Most people also agree that MongoDB is very easy to prototype with. I'm talking especially about the kind of prototyping where you don't really know what the stress points of your application are going to be, what data will be most critical to access fast, what sort of questions you will need to ask of the data after the fact... In other words, exactly the situation you're in when you first start developing any new application.
MongoDB is easy to install, easy to use with your choice of development languages and it has some wonderful operational features. Okay, we already know all this, so what is this trap that I am talking about?
I've seen time and time again what happens to a super-fast little MongoDB backed app as the demand on it suddenly skyrockets: if there was no performance/load testing before launch, it's likely that the bottlenecks are a surprise and it's not always clear what they are, where they are, and how to "fix" them.
Here is where people can fall into one of two traps:
1. assume that their application load is not a good fit for MongoDB at scale.
2. assume that MongoDB can handle this if they can figure out how to "tune" it properly.
"Wait a minute," I hear you say. "Isn't it going to be the case that one of those things is true?"
Absolutely true.
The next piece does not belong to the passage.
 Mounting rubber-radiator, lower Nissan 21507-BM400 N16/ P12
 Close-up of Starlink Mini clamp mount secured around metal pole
It's possible that the requirements of the application at scale are not a good fit for a document database. It's also possible that it is the use of MongoDB (schema design, indexing, hardware configuration) that was not done with high scale in mind, and MongoDB is perfectly suited to the workload being thrown at it.
"The trap" is when the assumption about which scenario you're in and reality don't match:
1. Scenario: Assumption is made that application is not a good fit for MongoDB but the application load is actually a perfect fit for MongoDB but poor schema design or bad indexing strategy or suboptimal topology or hardware choices are the cause of bad performance.
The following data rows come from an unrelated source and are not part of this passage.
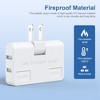 Itopfox 3 Way Flat Wall Outlet Extender with Swivel Plug - 2-Prong Mini Indoor Wall Tap, Outlet Splitter for Home & Travel, Type A, White (3 Pack) - 2 of 4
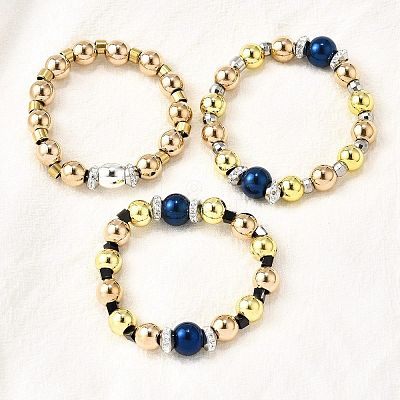 304 & 201 Stainless Steel with Clay Bracelets BJEW-D314-01-1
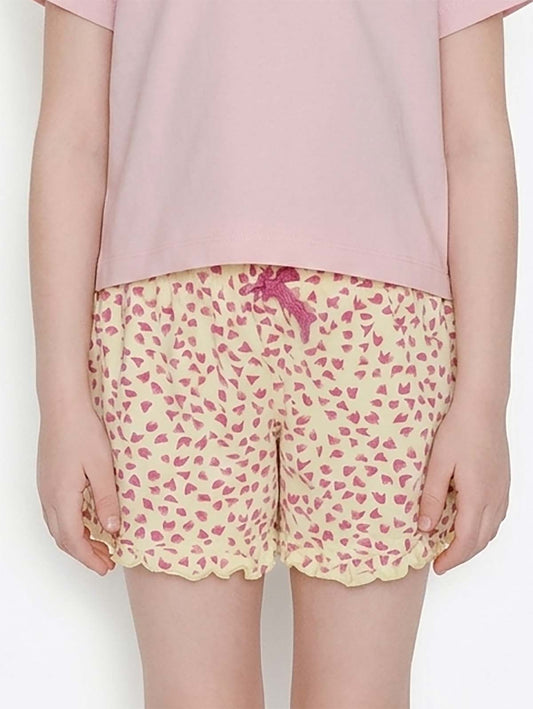 Girls Yellow Aop Knit Shorts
Result: the team will spend tremendous effort architecting a new system to store their data when they could have improved their MongoDB performance by several orders of magnitude by fixing their design or hardware or cluster topology.
Here are some examples of this:
- There is a missing index. Solution: you don't fix the slow query by moving the task into a different system, you simply add the missing index.
- Indexes created are not best for the queries/updates running on the system, they take up RAM without providing much of a benefit. Solution: review and fix your indexes.
- The schema split a number of things into separate collections that should be stored together and every request for the object takes multiple accesses to the database instead of just one. Solution: reconsider/redesign parts of your schema.
- You have multiple shards but every request is sent to every shard, increasing the overall number of requests that the system must handle. Sharding scales best when each shard is only required to do work on its portion of the dataset, not the entire dataset.
- You have system that does heavy writes but you chose extremely slow storage system. Solution: get faster disks (after making sure that your writes aren't unnecessarily inefficient).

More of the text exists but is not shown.